# [WHAT YOU HAVE TO DO]
Starting at the line with "adidas VL Court" in it, reproduce each line below through the last one, exactly, and include nothing else.

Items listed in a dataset
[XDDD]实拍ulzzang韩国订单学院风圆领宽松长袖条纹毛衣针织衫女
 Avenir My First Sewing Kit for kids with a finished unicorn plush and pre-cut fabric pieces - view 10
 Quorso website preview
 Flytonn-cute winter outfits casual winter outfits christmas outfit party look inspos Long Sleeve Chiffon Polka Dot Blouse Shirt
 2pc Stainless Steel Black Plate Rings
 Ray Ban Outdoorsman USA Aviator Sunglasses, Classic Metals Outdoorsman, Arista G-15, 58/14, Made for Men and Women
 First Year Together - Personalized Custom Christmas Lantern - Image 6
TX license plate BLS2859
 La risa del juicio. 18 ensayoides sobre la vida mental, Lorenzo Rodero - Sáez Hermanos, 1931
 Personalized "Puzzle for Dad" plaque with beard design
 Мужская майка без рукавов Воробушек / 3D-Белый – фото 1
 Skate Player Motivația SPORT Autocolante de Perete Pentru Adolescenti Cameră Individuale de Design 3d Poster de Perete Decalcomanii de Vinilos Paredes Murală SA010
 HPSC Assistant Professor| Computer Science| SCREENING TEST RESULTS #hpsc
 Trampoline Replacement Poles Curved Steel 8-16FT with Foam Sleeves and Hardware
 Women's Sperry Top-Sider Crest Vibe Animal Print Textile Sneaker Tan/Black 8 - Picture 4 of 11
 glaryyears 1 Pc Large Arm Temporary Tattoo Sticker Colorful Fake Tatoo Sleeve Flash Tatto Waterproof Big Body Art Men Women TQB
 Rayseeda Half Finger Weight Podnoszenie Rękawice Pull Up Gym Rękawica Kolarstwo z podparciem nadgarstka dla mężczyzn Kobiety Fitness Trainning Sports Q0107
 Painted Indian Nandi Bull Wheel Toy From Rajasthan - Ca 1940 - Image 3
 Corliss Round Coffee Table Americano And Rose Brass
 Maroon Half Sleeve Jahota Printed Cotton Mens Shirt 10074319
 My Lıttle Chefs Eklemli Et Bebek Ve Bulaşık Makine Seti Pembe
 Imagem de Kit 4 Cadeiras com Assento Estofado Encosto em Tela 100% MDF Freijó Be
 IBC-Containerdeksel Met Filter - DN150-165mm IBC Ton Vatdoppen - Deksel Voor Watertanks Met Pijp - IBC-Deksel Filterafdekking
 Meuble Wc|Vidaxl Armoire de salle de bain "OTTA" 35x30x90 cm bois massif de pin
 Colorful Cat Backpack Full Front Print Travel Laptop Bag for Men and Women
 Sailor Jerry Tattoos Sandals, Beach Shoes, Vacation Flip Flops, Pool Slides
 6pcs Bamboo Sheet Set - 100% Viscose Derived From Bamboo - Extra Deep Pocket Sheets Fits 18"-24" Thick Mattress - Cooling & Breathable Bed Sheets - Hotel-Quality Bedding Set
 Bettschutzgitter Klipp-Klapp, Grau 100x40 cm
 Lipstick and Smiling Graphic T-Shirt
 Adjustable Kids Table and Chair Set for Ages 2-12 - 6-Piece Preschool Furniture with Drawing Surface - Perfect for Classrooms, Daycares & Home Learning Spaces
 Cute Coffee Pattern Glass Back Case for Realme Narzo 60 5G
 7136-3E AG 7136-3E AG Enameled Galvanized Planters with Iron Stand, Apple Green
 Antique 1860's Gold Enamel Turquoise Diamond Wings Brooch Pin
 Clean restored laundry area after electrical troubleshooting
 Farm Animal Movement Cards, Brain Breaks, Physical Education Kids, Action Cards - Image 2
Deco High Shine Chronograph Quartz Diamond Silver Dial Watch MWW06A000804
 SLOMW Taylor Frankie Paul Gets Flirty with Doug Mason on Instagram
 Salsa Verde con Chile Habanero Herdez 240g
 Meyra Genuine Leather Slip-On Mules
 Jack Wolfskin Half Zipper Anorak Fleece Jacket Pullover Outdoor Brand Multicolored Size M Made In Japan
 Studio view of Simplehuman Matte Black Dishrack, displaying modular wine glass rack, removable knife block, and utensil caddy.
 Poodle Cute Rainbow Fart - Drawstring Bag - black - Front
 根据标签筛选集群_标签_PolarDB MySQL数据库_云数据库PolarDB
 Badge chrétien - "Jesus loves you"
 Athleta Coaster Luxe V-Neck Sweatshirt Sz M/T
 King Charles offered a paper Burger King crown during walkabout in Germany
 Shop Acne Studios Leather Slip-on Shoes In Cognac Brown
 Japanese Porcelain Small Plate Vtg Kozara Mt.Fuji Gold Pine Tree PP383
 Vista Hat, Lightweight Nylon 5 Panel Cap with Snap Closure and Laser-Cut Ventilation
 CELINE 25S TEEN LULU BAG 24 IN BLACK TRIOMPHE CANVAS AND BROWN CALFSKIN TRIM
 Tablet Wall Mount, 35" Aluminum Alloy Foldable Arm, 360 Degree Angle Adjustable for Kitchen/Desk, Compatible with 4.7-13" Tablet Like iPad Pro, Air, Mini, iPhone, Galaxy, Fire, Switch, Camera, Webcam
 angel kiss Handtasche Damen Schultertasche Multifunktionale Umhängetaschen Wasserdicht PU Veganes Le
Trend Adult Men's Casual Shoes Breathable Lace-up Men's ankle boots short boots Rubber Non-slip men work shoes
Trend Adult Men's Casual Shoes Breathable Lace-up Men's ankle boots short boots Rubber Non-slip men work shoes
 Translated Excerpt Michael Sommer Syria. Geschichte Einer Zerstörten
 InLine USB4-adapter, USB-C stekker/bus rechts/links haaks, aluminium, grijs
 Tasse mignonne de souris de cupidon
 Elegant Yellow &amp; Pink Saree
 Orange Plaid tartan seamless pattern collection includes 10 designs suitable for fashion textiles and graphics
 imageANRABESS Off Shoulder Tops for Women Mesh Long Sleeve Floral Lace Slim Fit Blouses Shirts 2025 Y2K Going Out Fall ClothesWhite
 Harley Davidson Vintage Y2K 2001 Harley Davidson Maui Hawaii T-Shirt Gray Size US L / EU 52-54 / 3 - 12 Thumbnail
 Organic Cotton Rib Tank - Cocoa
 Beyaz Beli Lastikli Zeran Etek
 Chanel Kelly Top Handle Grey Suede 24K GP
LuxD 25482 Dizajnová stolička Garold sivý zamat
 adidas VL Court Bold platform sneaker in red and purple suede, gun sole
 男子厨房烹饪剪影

# [EXERCISE OUTPUT]
 adidas VL Court Bold platform sneaker in red and purple suede, gun sole
 男子厨房烹饪剪影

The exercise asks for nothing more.